Simply put, if you run as a non-admin user on OS X (which is the sensible thing to do), Firefox grays out the Check For Updates menu item, and certainly doesn’t do any automatic notification of security updates, so you can go for days, weeks or even months without realising that an important security update has been released.
Investigation shows that Firefox only enables Update Checking when you have write access to the Firefox application. This completely misses the point that any mildly security conscious person will do ther daily work in a non-privileged account. Heaven help those home users who know nothing about security!
The also begs the question "Do the Firefox folks know their arse from their elbow when it comes to security?"
Yes folks, I am quite angry about this, because I was left exposed myself. Fortunately my use of Firefox is fairly minimal. Lucky me - I would really like to know how many folks got pwned because of this one?
I have pointed out this flaw over at Secure IT Foundation, and the answer I received states that it's also a problem for non-admin WIndows users. They responded with this interesting idea:
...Firefox should be managed as part of a home security policy like the Secure IT Foundation’s Home Computer Policy which includes patching on a regular / urgent basis.
This is also an issue for Ubuntu users, so I suspect it applies to other Unix/Linux variants.
The evidence to date says that at least 3 platforms are affected:
- MS Windows
- Linux
- OS X
The only workaround I can think of on OS X is to keep your eye on the IT news, and log in to a suitably privileged account to check out the availability of Firefox security updates.
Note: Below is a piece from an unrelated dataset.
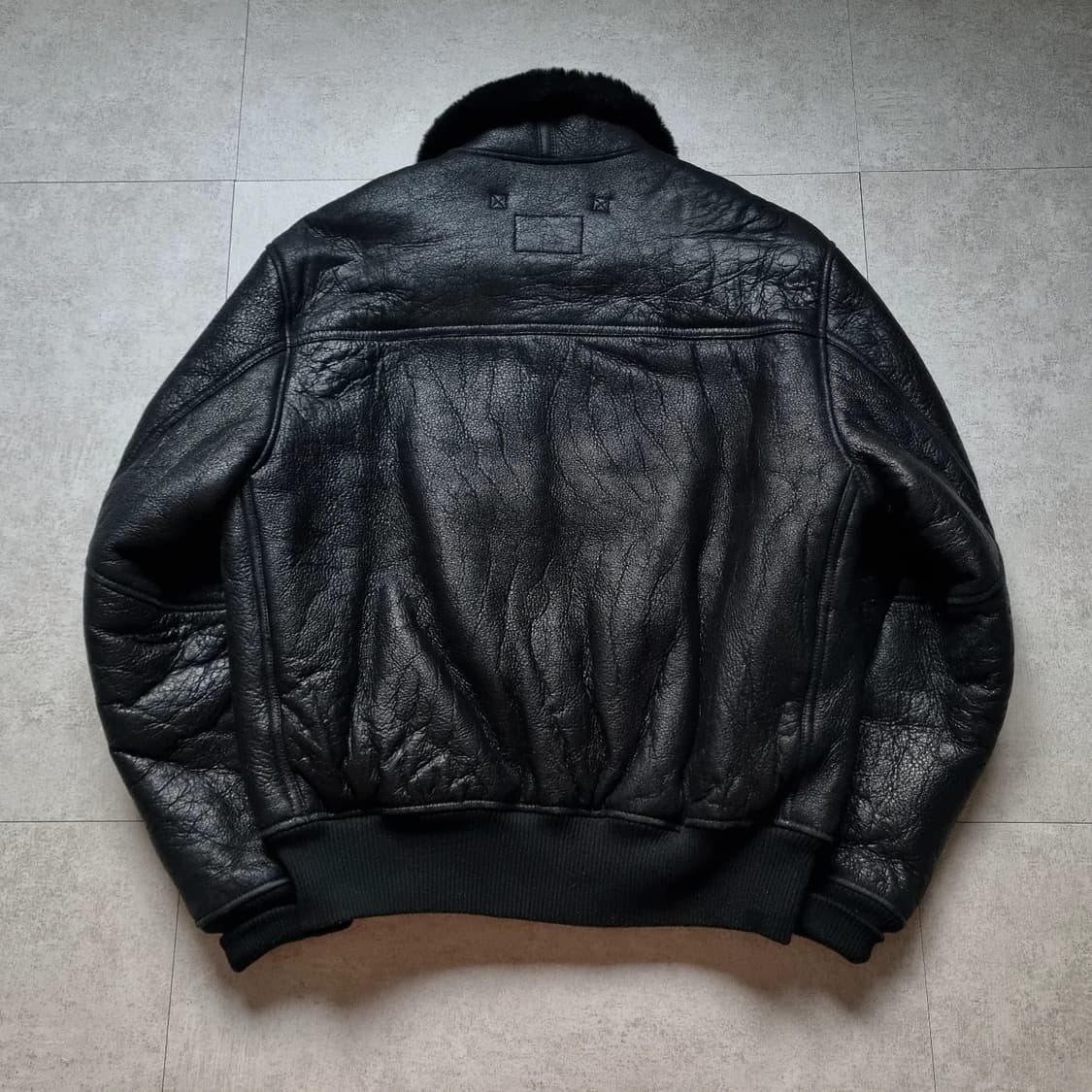 jpn Morgan B-15A 쉐어링 자켓 블랙 105sz 상품이미지9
Update: A Solaris sysadmin has just informed me that Firefox updates are catered for by the Solaris software update system.
Reads like FUD at the least, idiocy at worst to me. I’ve run Firefox under a myriad of situations; admin, regular user, etc on my Mac and on my winders machines without ever seeing the Check for Updates grayed out.
My “automatically check for updates to... Firefox” is grayed out (running unpriveleged on Ubuntu). It is however checked, so presumably updates will be checked for. The other two “Installed Add-ons” and “Search Engines” were not grayed out, so I unchecked them (I want as few update checking thingies as possible).
I would wager that the huge number is something just a bit less than 0.
Firefox from a privileged account can have problems too
I forgot to mention the scenario below, which is where I first encountered the problem.
The result of this was that Firefox.app was owned by User 1, therefore my privileged account User 2 didn't have write access to it. Firefox in its wisdom decided from this that it disabled Update Checking for User 2 and I went for a while without any Firefox updates.